Hats off to Kiran Bedi. She's openly  said what a lot of people in the country might be thinking right now but can’t bring themselves to be upfront enough to put into so many words.

            Speaking to Times Now, the former police officer, who has made public her support for Narendra Modi as prime minister, said with reference to the BJP taking 'tainted' poll candidates into its fold: "Let's compromise on corruption for a stable India." This is refreshing – and surprising – candour from a luminary who was not long ago at the forefront of the anti-corruption movement launched by Anna Hazare and his then chela, Arvind Kejriwal.
 
Kiran Bedi's U-turn on the issue of corruption – which in effect says that if stability of governance is to come at the cost of moral compromise, so be it – is a rare and honest response to India’s ingrained culture of bribery and graft. Corruption has become endemic to the country, as has the hypocrisy that accompanies it. All of us – from netas to common citizens – publicly denounce corruption as the greatest besetting sin of our body politic, but privately we accept it as being part and parcel of our daily lives, almost as indispensable as the air we breathe and the food we eat.
 
After five years of UPA-II – a tenure which witnessed rampant corruption matched with not just policy paralysis but policy retrogression in matters like taxation with retrospective effect which scared off potential investors, both foreign and domestic – the country is in desperate need of not just political stability but also political efficacy. India wants not just a government that works, but also a government that will allow the innate spirit of Indian enterprise to work for itself as well..

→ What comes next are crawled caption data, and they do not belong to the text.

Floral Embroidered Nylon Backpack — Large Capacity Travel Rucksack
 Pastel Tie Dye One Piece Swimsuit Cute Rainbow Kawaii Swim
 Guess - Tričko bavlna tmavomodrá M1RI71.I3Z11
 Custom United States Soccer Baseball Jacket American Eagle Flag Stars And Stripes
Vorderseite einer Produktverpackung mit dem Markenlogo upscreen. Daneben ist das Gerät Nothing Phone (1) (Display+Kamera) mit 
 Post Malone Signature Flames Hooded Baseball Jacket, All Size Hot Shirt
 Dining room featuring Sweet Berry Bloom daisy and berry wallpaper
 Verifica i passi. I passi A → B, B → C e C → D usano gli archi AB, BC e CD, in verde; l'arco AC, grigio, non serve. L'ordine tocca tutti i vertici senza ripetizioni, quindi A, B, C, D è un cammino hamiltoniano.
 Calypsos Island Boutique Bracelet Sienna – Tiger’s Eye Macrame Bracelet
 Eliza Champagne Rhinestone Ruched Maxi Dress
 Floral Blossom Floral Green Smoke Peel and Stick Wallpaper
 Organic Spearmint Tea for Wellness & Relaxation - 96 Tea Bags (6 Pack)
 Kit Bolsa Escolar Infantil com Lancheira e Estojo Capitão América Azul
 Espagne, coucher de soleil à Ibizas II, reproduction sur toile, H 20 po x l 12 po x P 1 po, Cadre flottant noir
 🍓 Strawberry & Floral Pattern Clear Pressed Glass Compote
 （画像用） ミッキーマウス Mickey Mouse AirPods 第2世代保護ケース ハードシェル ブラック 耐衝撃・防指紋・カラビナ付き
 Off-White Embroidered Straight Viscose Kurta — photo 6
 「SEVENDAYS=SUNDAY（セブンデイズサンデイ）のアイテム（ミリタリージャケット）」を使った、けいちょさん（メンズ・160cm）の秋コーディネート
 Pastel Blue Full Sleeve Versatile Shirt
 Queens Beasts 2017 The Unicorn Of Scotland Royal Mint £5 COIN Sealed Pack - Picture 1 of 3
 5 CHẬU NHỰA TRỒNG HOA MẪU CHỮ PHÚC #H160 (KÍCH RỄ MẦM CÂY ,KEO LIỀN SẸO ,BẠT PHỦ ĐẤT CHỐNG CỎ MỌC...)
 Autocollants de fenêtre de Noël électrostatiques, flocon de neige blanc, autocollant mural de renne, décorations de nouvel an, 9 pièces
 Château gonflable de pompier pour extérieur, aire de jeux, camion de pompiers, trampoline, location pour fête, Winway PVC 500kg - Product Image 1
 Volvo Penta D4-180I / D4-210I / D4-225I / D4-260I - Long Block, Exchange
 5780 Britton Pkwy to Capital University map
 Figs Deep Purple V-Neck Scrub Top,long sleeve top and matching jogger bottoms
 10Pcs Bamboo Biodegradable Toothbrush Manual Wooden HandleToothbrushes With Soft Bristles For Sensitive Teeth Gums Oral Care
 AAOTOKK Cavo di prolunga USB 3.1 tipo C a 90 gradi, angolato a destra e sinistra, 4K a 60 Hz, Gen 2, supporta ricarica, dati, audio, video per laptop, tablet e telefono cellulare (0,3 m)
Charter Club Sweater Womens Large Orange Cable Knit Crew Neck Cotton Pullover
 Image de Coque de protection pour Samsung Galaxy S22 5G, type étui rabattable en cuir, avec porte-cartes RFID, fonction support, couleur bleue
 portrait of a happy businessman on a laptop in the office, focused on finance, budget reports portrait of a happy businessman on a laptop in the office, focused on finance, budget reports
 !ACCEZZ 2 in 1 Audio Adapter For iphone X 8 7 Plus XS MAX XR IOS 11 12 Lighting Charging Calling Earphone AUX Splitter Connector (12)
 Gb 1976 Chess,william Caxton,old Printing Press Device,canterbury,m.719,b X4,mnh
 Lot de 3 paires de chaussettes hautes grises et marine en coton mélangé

This is widely felt to be not just a desirable end, but the only end that matters. And the means of attaining that end – as borne out by Kiran Bedi's statement, which a lot of her fellow citizens will endorse, if not explicitly then at least implicitly – don't matter very much at all
 
If morality is an obstacle to our achieving the necessary objective of having a stable, workable government then let’s dispense with morality, or at least dispense with the pretence that this commodity is capable of existing in our public life. The pre-poll political merry-go-round of which we have a ringside view, whereby candidates and would-be candidates switch from one party to another, shows that there is no longer any politics of ideology – if ever there was such a creature – but only the politics of expediency.
 
The newly-formed Aam Aadmi Party (AAP) accuses the two mainstream parties – the Congress and BJP – of being indistinguishable from each other, like Tweedledum and Tweedledee, in that they both turn a blind eye to corruption.
A valid point. But how incorruptible is AAP iself? Arvind Kejriwal and his party members might well be free of the taint of bribery and graft. But to paraphrase an old saying, power corrupts and even a little power can corrupt little by little. AAP’s response – or lack of it – to its law minister’s midnight raid on African women in Delhi and Kejriwal’s threat to 'lock up' media reveals that the teflon party is not immune to the corrosive effect of corruption through power.
If everyone is more or less corrupt, corruption becomes a non-issue, as Bedi has pointed out. What’s important is 'good' — read 'effective' — governance.The total morality of Mohandas Gandhi's 'Ram raj' yields to the total amorality of what might be called today's  'haram raj'.